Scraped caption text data
-=-=-
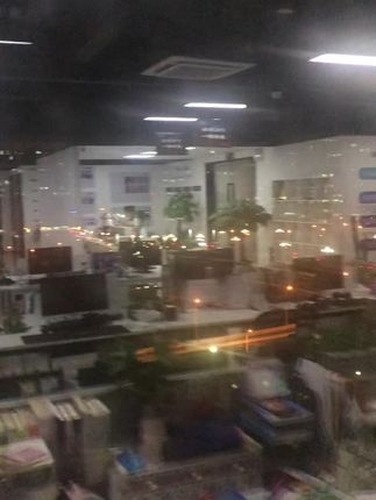 业务团队的工作日常视频封面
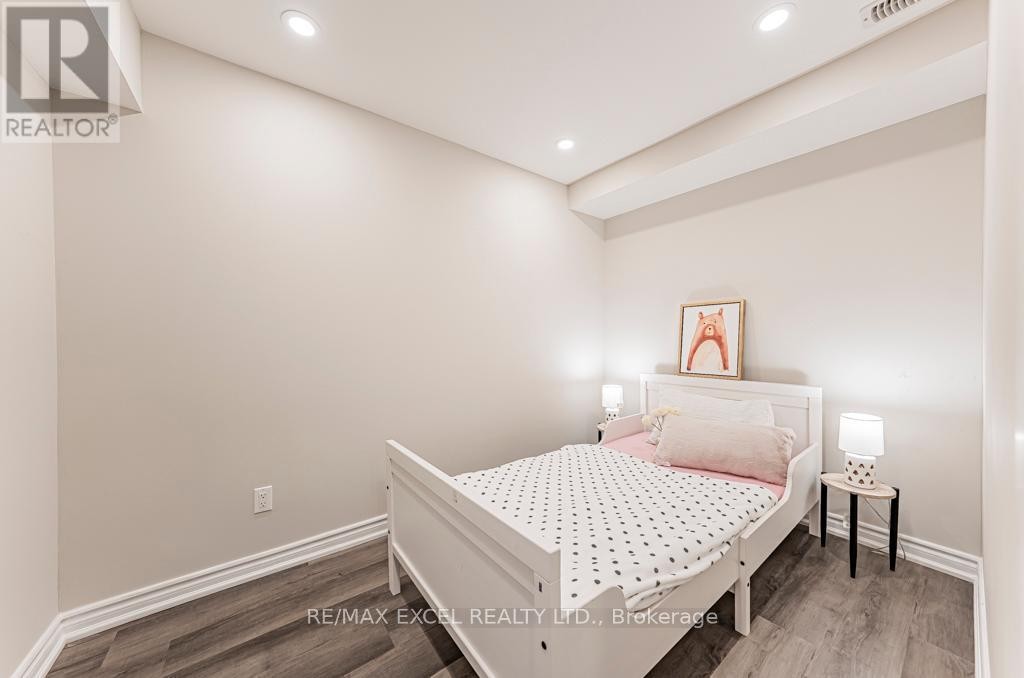 












71A MONTEZUMA TRAIL

,
Toronto (Agincourt North),




Ontario
M1V1K4

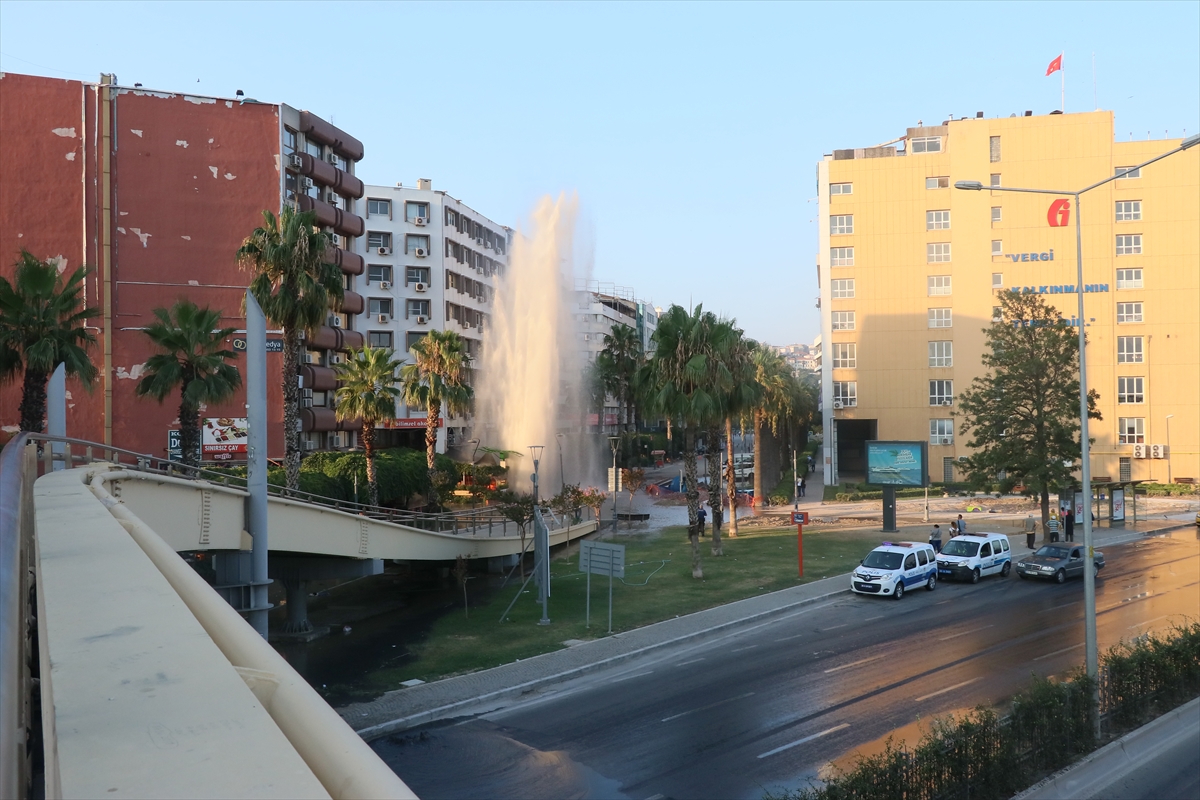 İzmir'de su borusu patladı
-=-=-
Task goal: No images belong in the copy. Transcribe every record exactly.

Reply to the exercise:
 业务团队的工作日常视频封面












71A MONTEZUMA TRAIL

,
Toronto (Agincourt North),




Ontario
M1V1K4

 İzmir'de su borusu patladı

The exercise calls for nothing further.